Past Lives

Synopsis: A woman contemplates what direction, if any, fate is sending her when she (possibly) loves two men. (Streaming on Amazon Prime)
In Past Lives the fates of three interconnected people hang in the balance. Long distance romance is involved. Nora (Greta Lee) is a Korean-Canadian playwright living in New York. Her potential paramour is Jung Hae Sung (Teo Yoo), an engineer who lives in Seoul. Argh, transcontinental is tough enough, but transoceanic love affairs are even tougher. Well, I guess transcontinental lovers commuting between, say, Winnipeg, Canada and Buenos Aires, Argentina could make a pretty good case that they have equal barriers to togetherness. Although, I bet there aren’t any daters going between those two cities. If there are–again, doubtful– maybe they could split the difference and move to Costa Rica.
So, Nora and Hae Sung are not crazy people who got on the same dating app and declared that anyone within 7,000 miles was within datable territory. No, they met as kids in Seoul, South Korea when Nora was Na Young. We see them as twelve-year-old school mates. They are good friends and have a blossoming attraction to each other. Very cute– like they may not even know that they have a crush. But Na Young’s parents are planning to immigrate to Canada. They fancy themselves maple syrup connoisseurs, others call them fanatics. No, not really. They are artists. Although don’t ask me what they can do in Toronto that they can’t do in Seoul. Art installations specifically designed to be placed outside Tim Hortons coffee shops?

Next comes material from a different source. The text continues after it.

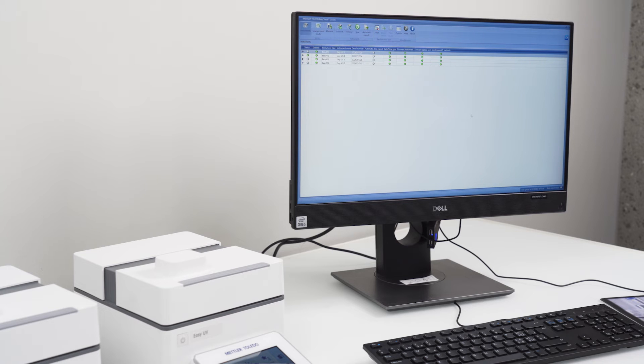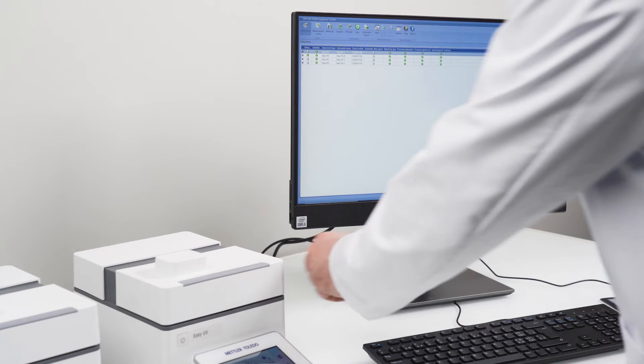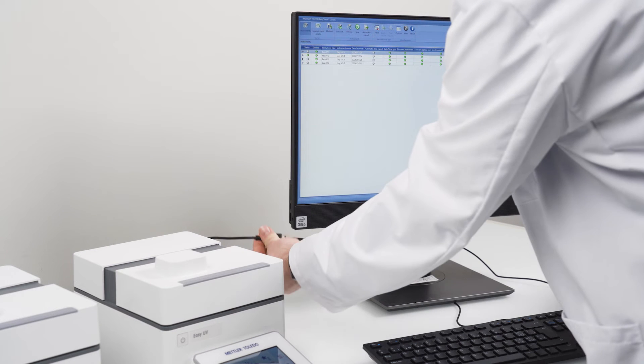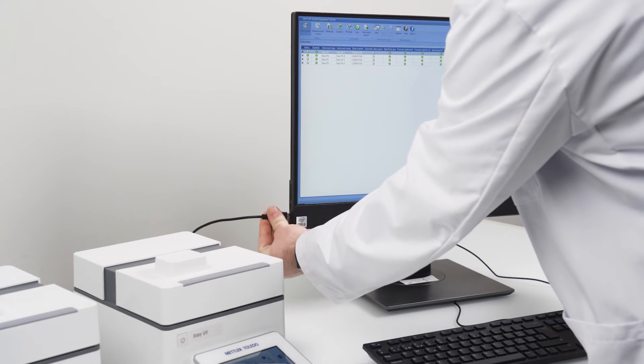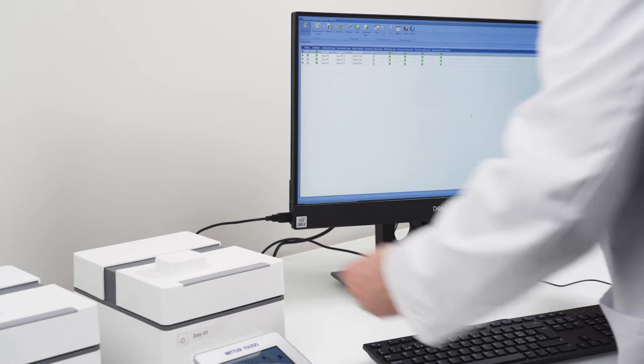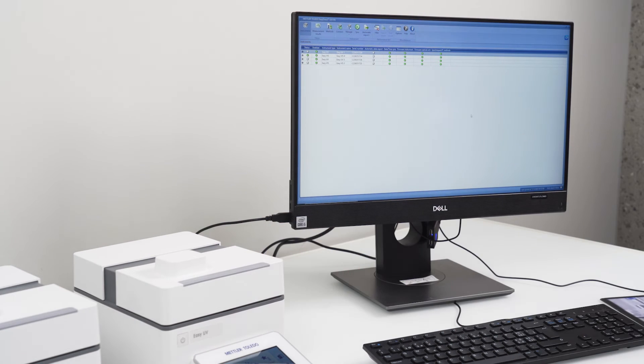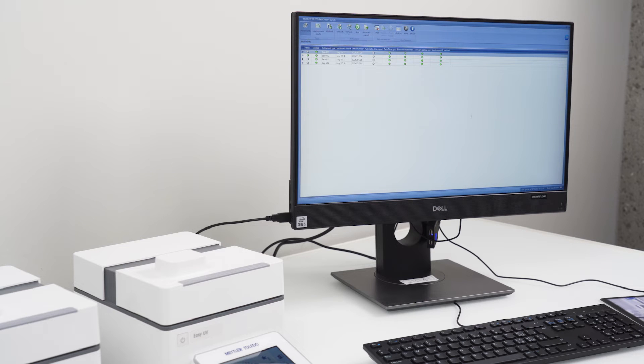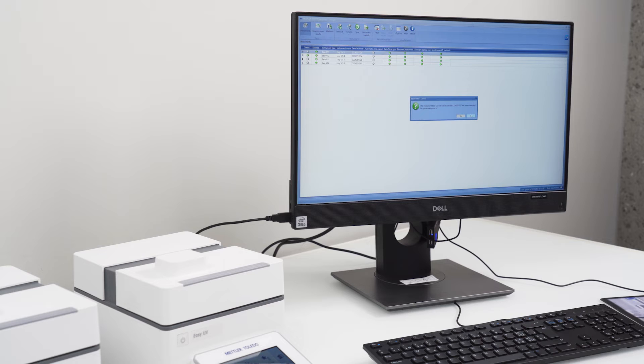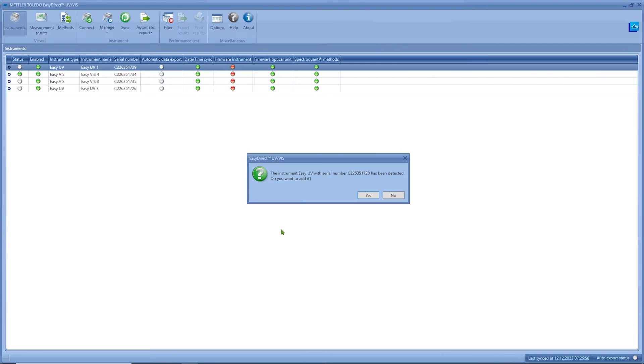To add an instrument to your EZ Direct UV-VIS software you just need to plug in the USB-AV cable from the instrument to your computer. The software will automatically detect the new device. It is asking you whether you want to add it.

The day comes when it’s time to say annyeonghi gaseyo. This means ‘bye in Korean. It takes a long time to say, so the kids get to prolong their time together. They are both too shy about their feelings to say they’ll miss each other. So, yeah, Na Young and her little sisters choose Western names (Nora for our protagonist) and fly off to Canada with their parents. And a weird thing happens as she lives there– she loses being Korean and becomes Korean-Canadian.
12 YEARS LATER flashes on the screen and here is aspiring playwright Nora studying in NYC. And Hae Jung, after his obligatory stint in the military, is enrolled in an engineering program in Seoul. One day, out of the blue, Hae Jung reconnects with Nora through social media. They begin to bond again. It seems an emotional affair is inevitable. But, just like IRL, finding the time or money to actually see each other again, in the short term, isn’t possible. What to do?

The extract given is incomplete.